Y trastornada por el dolor, llegó á olvidarse de Dios, en tanto que asaltaban su espíritu los más sombríos y funestos pensamientos.

—«La muerte es eterna, pensaba; sepultado el hombre, se deshace en polvo, y todo acaba para siempre.»

Y no encontrando consuelo ni lenitivo á su infortunio, cada vez más desolada, acabó por entregarse á la desesperación más fiera.

No podía llorar, ni se acordaba absolutamente de las dos niñas, que sin cesar se acercaban á ella con solícito cariño. Su esposo sollozaba á su lado, y ella permanecía sin verle ni oirle. El recuerdo del niño muerto la tenía absorta de continuo y á todas horas pensaba en sus gracias y primores y creía oir su dulce acento, sus placenteras palabras infantiles.
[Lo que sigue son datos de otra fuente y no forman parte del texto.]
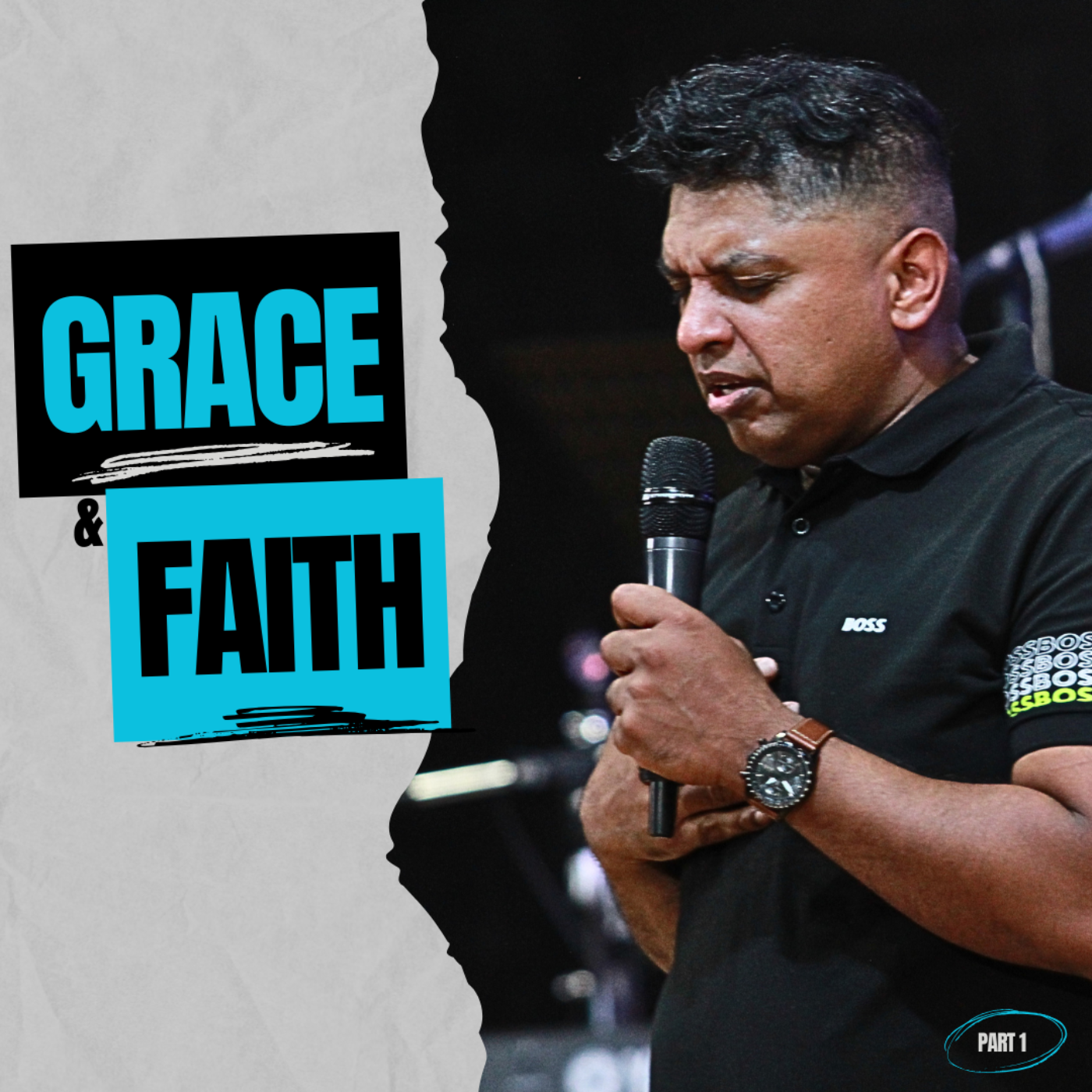 Grace & Faith - Part 1 episode artwork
El día del entierro, rendida por las anteriores vigilias y por el trastorno, poco antes de amanecer pado conciliar el sueño, propicia ocasión que aprovecharon para llevarse sigilosamente el féretro junto al cual descansaba y trasladarlo al aposento más retirado con el objeto de que no oyese los martillazos cuando lo cerrasen.

Al despertar, manifestó vehementes deseos de ver una vez más el cadáver de su hijo.—«El ataúd está ya cerrado, dijo el padre: era necesario.»